California, New York, and other democrat-run states have individually announced a ban on the sale of internal combustion engine vehicles by 2035. And before that happens, it looks like lawmakers in Washington DC are planning to help push the rise of electric vehicles with a new bill. The specifics of the bill detail that tax credits of up to $12,500 per vehicle for any union-built zero-emission automobile built in the United States. According to Reuters, other zero-emission cars either built in non-union plants or imported from elsewhere will continue with a $7,500 incentive. Being that all American General Motors, Ford Motor Company and Stellantis plants are unionized, this bill would strongly and exclusively favor America’s three biggest automotive manufacturing companies. This comes at a time when each of them are going full steam ahead on EVs, with big unveils recently including the GMC Hummer EV, the Ford F-150 Lightning, and confirmation of a Ram EV as well.
The bill also eliminates the cap that ended tax credits on zero emission vehicles made by automakers that have already sold 200,000 units of them. Thirdly, a minor credit up to $2,500 for the purchase of a used EV is in the bill.

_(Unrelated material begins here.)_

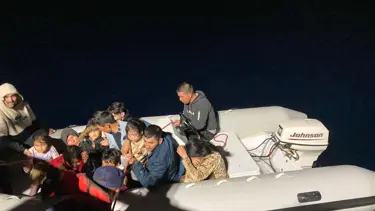 İzmir'de 37 göçmen kurtarıldı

General Motors, Ford, Stellantis, UAW Have An Advantage
GM, Ford, and Stellantis (parent company of FCA) assemble their U.S.-made vehicles in plants represented by the United Auto Workers union. At the same time, foreign automakers that have a manufacturing footprint in the U.S. – particularly in the south – don’t have unions representing their assembly workers, which gives the Big 3 an advantage. As a result, rival automakers such as Toyota and Honda oppose the bill. Honda even came out with a statement regarding that its workers “deserve fair treatment from Congress and should not be penalized for their choice of a workplace.”

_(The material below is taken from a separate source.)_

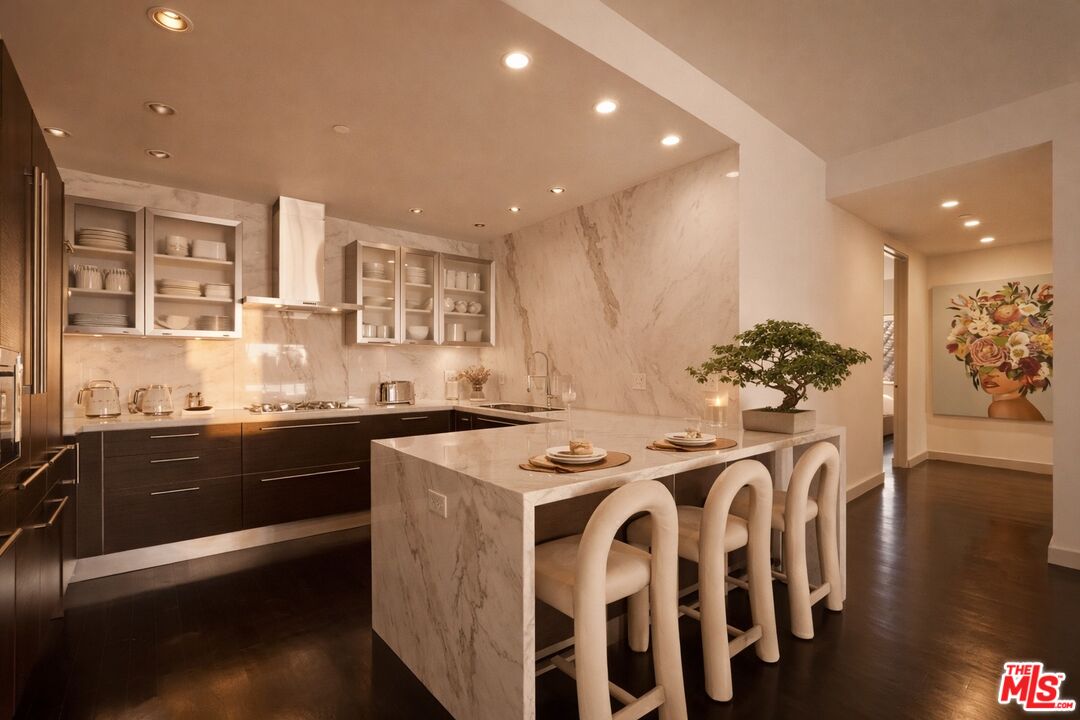 928 N Croft Ave Unit: 304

Tesla Motors would also be left out of the $12,500 tax credit, as Tesla plants are not unionized.
For the bill to pass, the Democrats will need to hold onto all 50 of their Democratic Senate Votes, with Republicans harshly criticizing the spending bill. In May, the Senate approved legislation that boosts EV credits up to $12,500 for U.S. vehicles made by union workers, but it didn’t remove the phase-out for manufacturers after they hit the 200,000 unit mark. The bill would last for ten years, and consumers would be able to deduct the value of their credit from the sales price upon purchasing their vehicle.

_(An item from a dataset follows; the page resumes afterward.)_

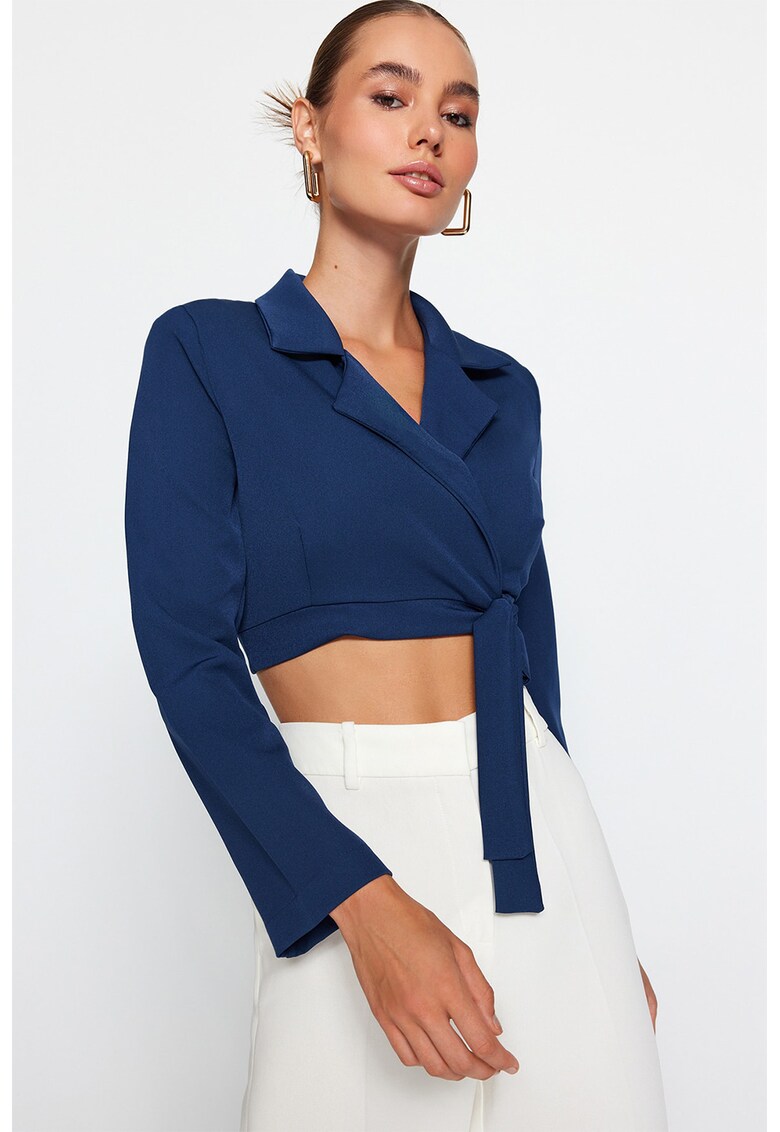 Bluza crop cu model petrecut si revere discrete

The bill would also limit the EV credit to cars $55,000 or less, with trucks being $74,000 or less. This would put vehicles like the GMC Hummer EV Edition 1 and an optioned-out Rivian R1T outside of tax credit eligibility, but that price ceiling is still pretty high if you ask us. The Senate also passed a vote prohibiting taxpayers from claiming EV tax credits if they make more than $100,000 annually.